• **WHAT YOU NEED TO DO**: Retype exactly the lines from the line with "Dorvina خاتم نسائي" to the end of the data, keeping both boundary lines.

*** AVAILABLE RECORDS ***

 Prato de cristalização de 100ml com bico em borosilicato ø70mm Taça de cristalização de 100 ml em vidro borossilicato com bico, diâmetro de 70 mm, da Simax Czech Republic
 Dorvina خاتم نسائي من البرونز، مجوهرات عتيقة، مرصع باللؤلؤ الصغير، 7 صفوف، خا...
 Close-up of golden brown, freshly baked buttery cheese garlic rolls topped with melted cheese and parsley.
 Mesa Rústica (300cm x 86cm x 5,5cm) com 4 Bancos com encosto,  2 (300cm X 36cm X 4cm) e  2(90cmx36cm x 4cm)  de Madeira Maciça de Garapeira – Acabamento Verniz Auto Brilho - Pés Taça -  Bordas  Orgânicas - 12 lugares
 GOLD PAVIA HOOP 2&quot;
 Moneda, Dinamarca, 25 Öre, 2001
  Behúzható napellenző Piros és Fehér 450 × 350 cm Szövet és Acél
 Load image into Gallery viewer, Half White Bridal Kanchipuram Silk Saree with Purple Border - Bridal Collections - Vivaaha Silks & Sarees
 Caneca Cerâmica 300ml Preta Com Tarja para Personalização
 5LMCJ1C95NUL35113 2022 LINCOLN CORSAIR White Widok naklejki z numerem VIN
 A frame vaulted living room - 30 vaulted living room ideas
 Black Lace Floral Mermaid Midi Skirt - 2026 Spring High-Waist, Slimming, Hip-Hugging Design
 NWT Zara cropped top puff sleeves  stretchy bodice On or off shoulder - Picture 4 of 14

*** End of AVAILABLE RECORDS ***

• **RESULT**:
 Dorvina خاتم نسائي من البرونز، مجوهرات عتيقة، مرصع باللؤلؤ الصغير، 7 صفوف، خا...
 Close-up of golden brown, freshly baked buttery cheese garlic rolls topped with melted cheese and parsley.
 Mesa Rústica (300cm x 86cm x 5,5cm) com 4 Bancos com encosto,  2 (300cm X 36cm X 4cm) e  2(90cmx36cm x 4cm)  de Madeira Maciça de Garapeira – Acabamento Verniz Auto Brilho - Pés Taça -  Bordas  Orgânicas - 12 lugares
 GOLD PAVIA HOOP 2&quot;
 Moneda, Dinamarca, 25 Öre, 2001
  Behúzható napellenző Piros és Fehér 450 × 350 cm Szövet és Acél
 Load image into Gallery viewer, Half White Bridal Kanchipuram Silk Saree with Purple Border - Bridal Collections - Vivaaha Silks & Sarees
 Caneca Cerâmica 300ml Preta Com Tarja para Personalização
 5LMCJ1C95NUL35113 2022 LINCOLN CORSAIR White Widok naklejki z numerem VIN
 A frame vaulted living room - 30 vaulted living room ideas
 Black Lace Floral Mermaid Midi Skirt - 2026 Spring High-Waist, Slimming, Hip-Hugging Design
 NWT Zara cropped top puff sleeves  stretchy bodice On or off shoulder - Picture 4 of 14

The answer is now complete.